WHAT THE TASK ASKS
Return the line containing "something of our" together with every later line up to the end of the records, exactly and with no pictures; return nothing else.

RECORDS FOR THE TASK

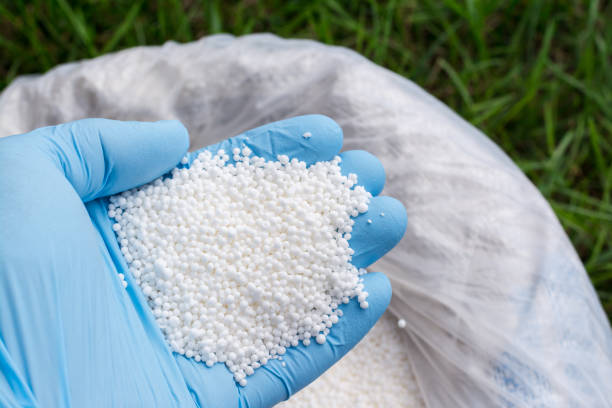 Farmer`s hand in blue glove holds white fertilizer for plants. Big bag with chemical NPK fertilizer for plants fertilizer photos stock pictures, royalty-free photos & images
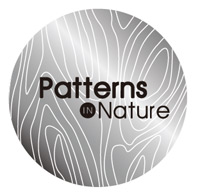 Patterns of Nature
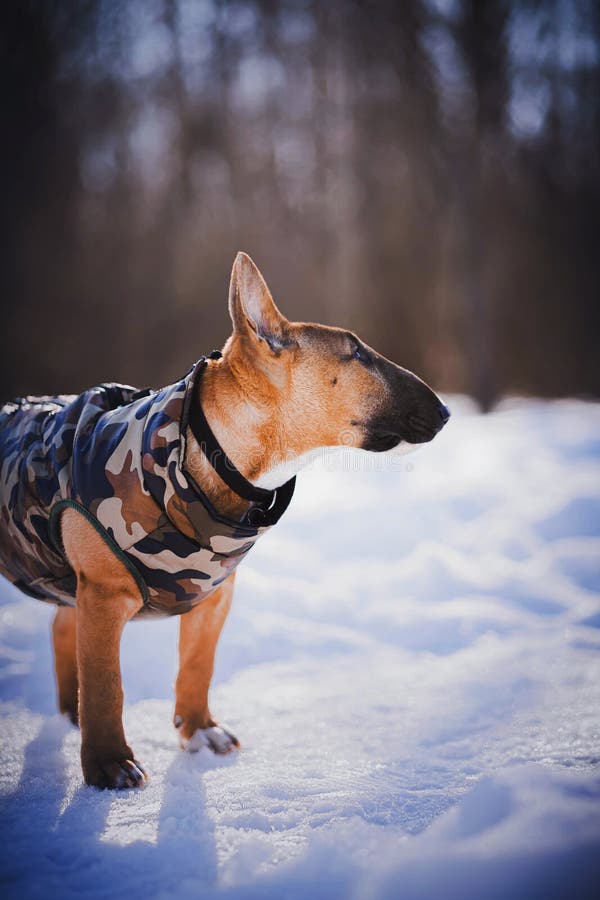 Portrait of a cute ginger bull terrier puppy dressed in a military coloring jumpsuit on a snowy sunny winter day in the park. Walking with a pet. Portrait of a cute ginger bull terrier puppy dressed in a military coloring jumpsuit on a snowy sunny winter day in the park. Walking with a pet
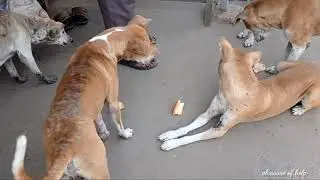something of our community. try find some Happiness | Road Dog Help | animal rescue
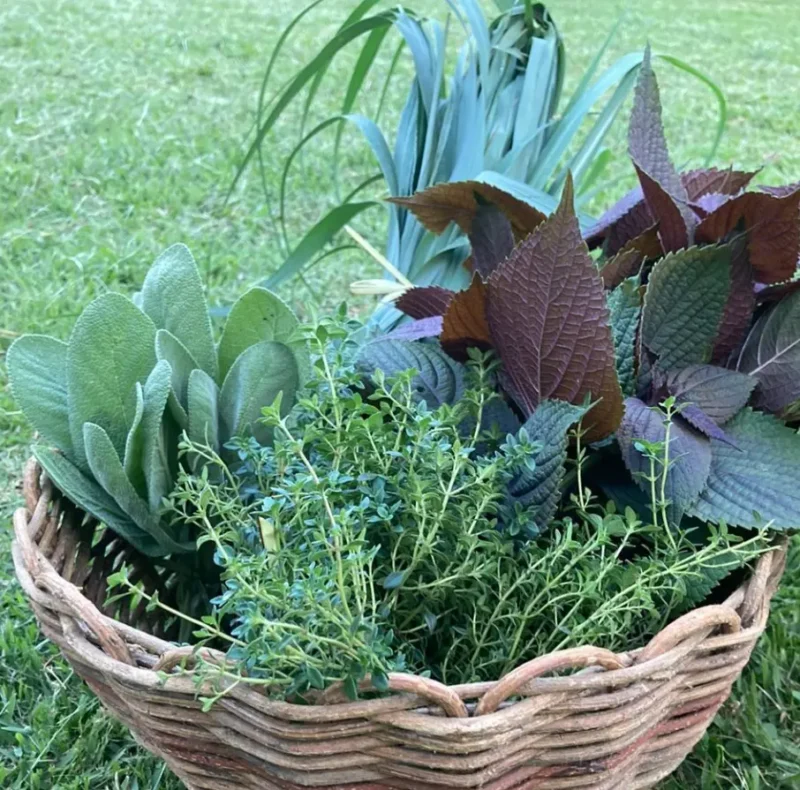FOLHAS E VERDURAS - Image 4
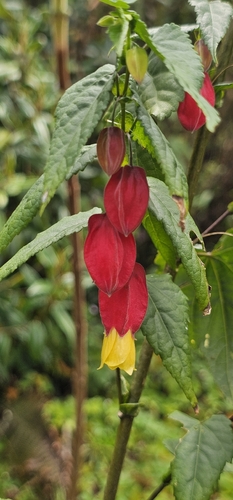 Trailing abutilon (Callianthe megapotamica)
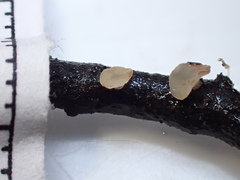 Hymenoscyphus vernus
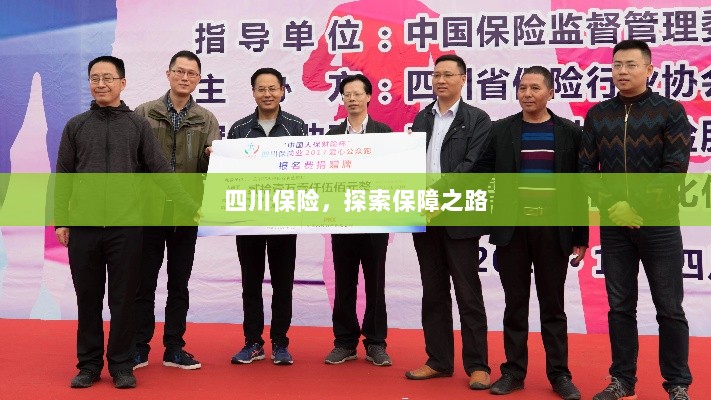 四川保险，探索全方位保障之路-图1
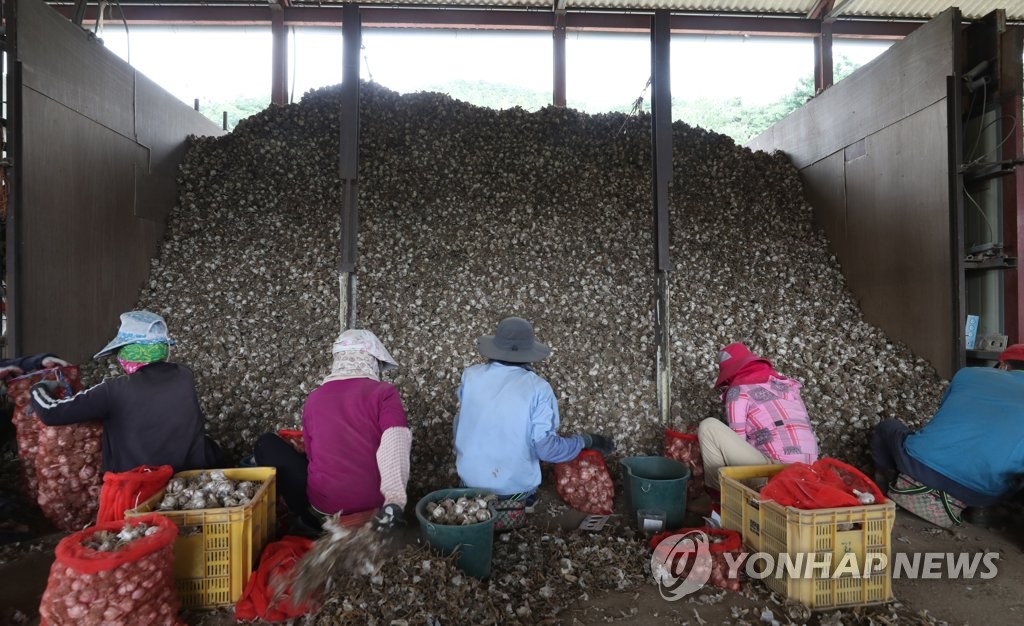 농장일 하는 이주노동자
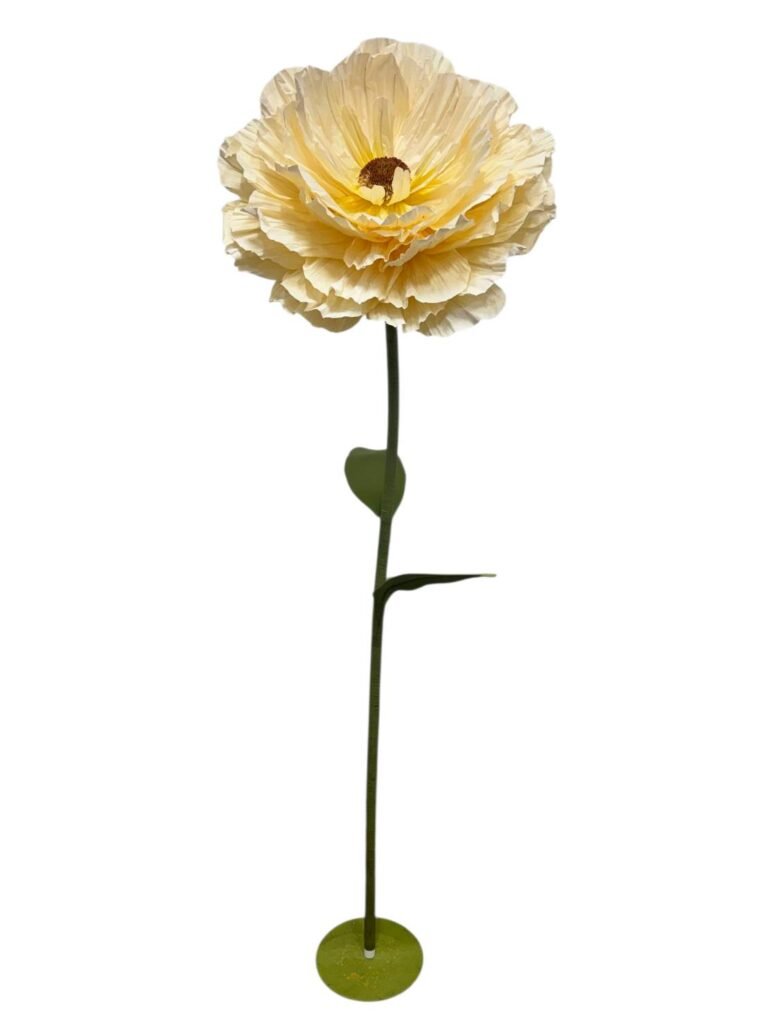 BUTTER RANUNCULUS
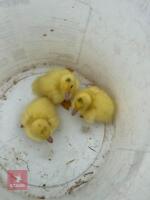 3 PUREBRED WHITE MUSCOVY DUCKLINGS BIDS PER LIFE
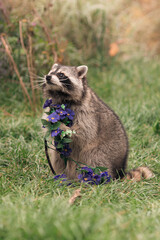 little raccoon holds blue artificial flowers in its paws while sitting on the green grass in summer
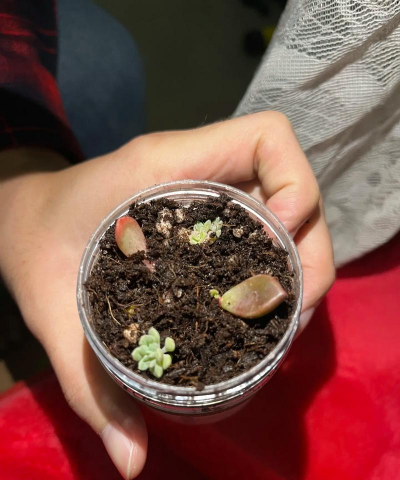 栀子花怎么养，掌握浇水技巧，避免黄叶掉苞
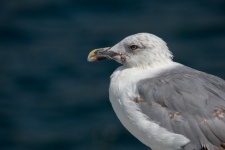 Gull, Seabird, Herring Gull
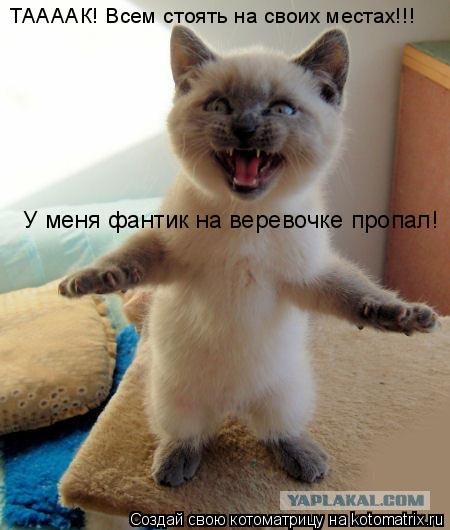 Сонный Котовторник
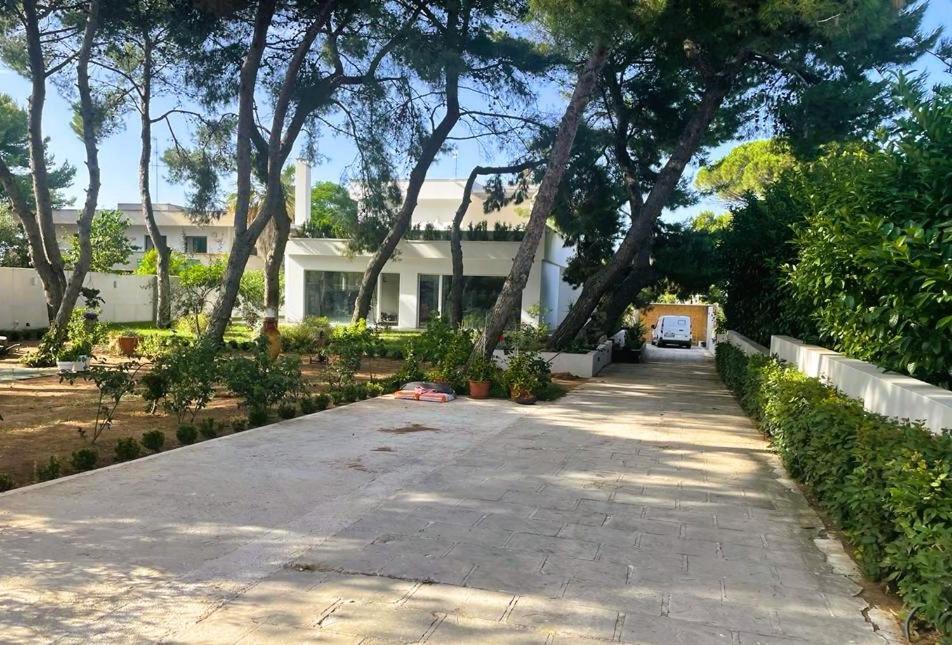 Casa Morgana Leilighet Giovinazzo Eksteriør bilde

SOLUTION FOR THIS TASK
something of our community. try find some Happiness | Road Dog Help | animal rescue
FOLHAS E VERDURAS - Image 4
 Trailing abutilon (Callianthe megapotamica)
 Hymenoscyphus vernus
 四川保险，探索全方位保障之路-图1
 농장일 하는 이주노동자
 BUTTER RANUNCULUS
 3 PUREBRED WHITE MUSCOVY DUCKLINGS BIDS PER LIFE
 little raccoon holds blue artificial flowers in its paws while sitting on the green grass in summer
 栀子花怎么养，掌握浇水技巧，避免黄叶掉苞
 Gull, Seabird, Herring Gull
 Сонный Котовторник
 Casa Morgana Leilighet Giovinazzo Eksteriør bilde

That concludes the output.